Tagung 2015

Un/doing Differences.
Kategorisierungen und soziale Zugehörigkeiten

15.-17. Oktober 2015, Aula der Hochschule Mainz, Lucy-Hillebrand-Str. 2, 55128 Mainz

Vom 15.-17. Oktober fand an der Hochschule Mainz die interdisziplinäre Arbeitstagung "Un/doing Differences. Soziale Kategorisierungen und Zugehörigkeiten" statt. Die Beiträge der Tagung beleuchteten aus sozial- und kulturwissenschaftlichen Perspektiven die Herstellung, Überlagerung und Aufhebung sozialer Kategorisierungen von Menschen, das doing und undoing von Differenzen.

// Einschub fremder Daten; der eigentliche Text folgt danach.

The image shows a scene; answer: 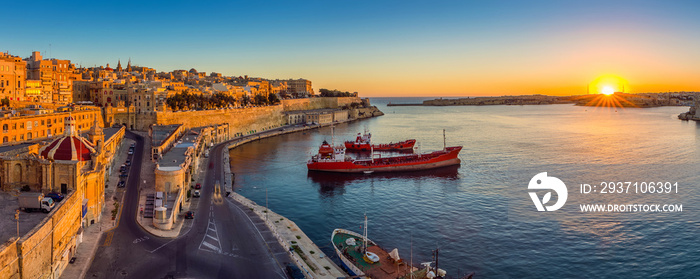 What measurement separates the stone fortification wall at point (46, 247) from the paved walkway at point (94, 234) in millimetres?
395

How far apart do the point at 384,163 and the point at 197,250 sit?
33011 mm

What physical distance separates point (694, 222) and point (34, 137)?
50.1m

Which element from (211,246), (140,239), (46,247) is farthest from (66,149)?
(211,246)

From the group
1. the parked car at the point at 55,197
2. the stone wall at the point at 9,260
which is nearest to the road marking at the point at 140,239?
the parked car at the point at 55,197

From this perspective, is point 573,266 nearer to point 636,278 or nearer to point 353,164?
point 636,278

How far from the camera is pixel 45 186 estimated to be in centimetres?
2294

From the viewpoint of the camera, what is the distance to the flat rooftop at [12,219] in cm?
1782

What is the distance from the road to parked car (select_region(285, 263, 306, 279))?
0.29m

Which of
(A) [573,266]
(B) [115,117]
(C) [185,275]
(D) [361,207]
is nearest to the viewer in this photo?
(C) [185,275]

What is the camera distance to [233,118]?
82.2 meters

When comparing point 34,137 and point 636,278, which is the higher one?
point 34,137

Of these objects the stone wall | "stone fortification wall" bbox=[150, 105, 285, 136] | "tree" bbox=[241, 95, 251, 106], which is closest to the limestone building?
"stone fortification wall" bbox=[150, 105, 285, 136]

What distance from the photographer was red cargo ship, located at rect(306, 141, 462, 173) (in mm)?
51750

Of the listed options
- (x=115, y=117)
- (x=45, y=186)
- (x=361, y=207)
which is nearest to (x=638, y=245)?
(x=361, y=207) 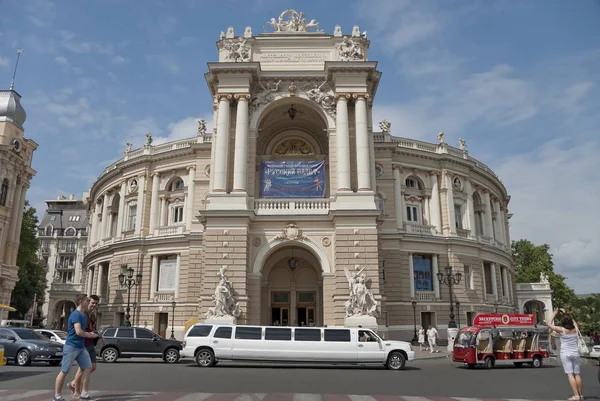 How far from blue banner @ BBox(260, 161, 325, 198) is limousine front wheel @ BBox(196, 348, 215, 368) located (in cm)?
1266

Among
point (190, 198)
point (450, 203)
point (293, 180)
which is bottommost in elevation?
point (293, 180)

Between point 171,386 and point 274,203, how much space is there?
1775 centimetres

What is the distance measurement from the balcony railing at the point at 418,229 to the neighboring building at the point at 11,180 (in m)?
32.5

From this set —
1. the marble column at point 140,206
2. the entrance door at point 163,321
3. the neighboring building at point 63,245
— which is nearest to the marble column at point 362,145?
the entrance door at point 163,321

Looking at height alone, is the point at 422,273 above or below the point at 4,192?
below

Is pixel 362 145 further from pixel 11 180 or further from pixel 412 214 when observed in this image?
pixel 11 180

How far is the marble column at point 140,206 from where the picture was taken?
42156mm

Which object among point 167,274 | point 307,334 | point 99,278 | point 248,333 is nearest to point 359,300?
point 307,334

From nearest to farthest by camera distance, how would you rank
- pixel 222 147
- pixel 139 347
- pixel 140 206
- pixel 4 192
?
pixel 139 347
pixel 222 147
pixel 4 192
pixel 140 206

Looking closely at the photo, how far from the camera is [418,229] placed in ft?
132

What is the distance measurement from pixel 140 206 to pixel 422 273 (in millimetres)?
24429

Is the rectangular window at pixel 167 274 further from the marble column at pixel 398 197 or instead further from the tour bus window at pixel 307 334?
the tour bus window at pixel 307 334

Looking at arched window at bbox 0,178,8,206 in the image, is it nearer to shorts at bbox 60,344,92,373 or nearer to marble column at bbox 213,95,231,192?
marble column at bbox 213,95,231,192

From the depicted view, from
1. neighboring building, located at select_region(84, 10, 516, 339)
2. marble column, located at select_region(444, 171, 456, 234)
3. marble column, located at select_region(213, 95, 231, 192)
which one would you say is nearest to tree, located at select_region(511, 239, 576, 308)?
neighboring building, located at select_region(84, 10, 516, 339) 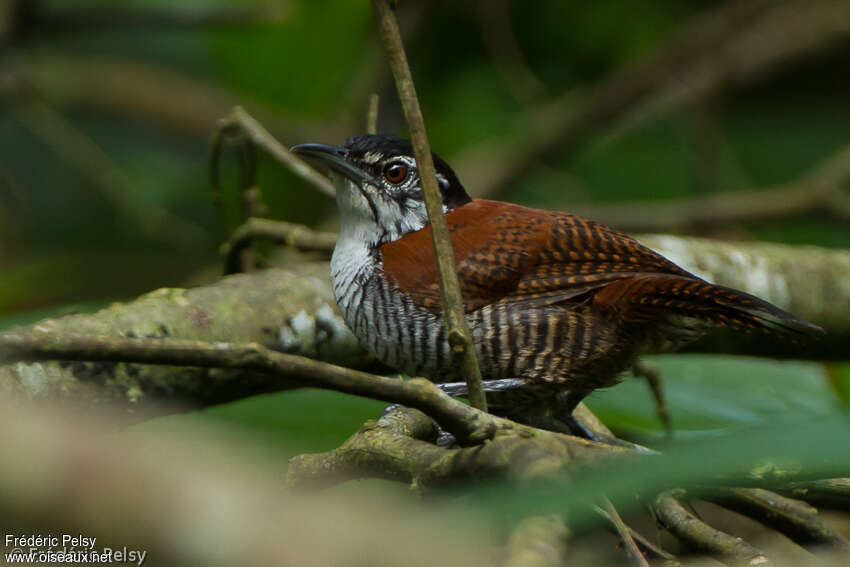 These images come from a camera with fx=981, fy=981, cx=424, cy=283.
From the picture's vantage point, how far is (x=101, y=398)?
7.88ft

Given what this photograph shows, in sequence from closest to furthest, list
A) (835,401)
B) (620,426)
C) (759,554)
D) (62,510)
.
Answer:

Gesellschaften treffen Unterscheidungen, zum Beispiel zwischen verschiedenen Pflanzen, Tieren, Dingen oder Krankheiten. Die wichtigsten Differenzierungen sind jedoch jene, mit denen sich die Unterscheider selbst voneinander unterscheiden: die Kategorisierungen von Menschen. Das gesellschaftliche Personal sortiert sich entlang zahlreicher Differenzierungslinien: nach Hautfarben, Geschlecht, Alter, Religion, Behinderung oder Leistung sowie nach scheinbar nebensächlichen Aspekten wie Attraktivität, Geschmack oder Lebensstil. In all diesen Hinsichten entstehen verschiedene Formen sozialer Zugehörigkeit. Typisch ist dabei eine Mehrfachmitgliedschaft, die verschiedene Unterscheidungen zu sozialen Typen (wie z.B. ‚Dame‘, ‚Vater‘ oder ‚Nerd‘) verschmelzen lässt. Zugleich entstehen mit oder ohne Rückgriff auf solche Unterscheidungen soziale Gebilde, zu denen Personen zugehörig sein können, wie etwa Paare, Gruppen, Gemeinden oder imaginierte Gemeinschaften. Die Einschreibung einer kategorialen Mitgliedschaft in Personen kann u.a. über formale Akte der Verleihung geschehen (z.B. Staatsbürgerschaft), über Prozesse der Feststellung und identitären Zuschreibung (z.B. Geschlecht, Ethnizität) aber auch über Prozesse der (Selbst-)­Stigmatisierung (z.B. Behinderung, Krankheit). Dazu tritt das Praktizieren von Zugehörigkeit, etwa durch Bekenntnisse (Religion) oder Habitusdemonstrationen (z.B. Bildung, Alter).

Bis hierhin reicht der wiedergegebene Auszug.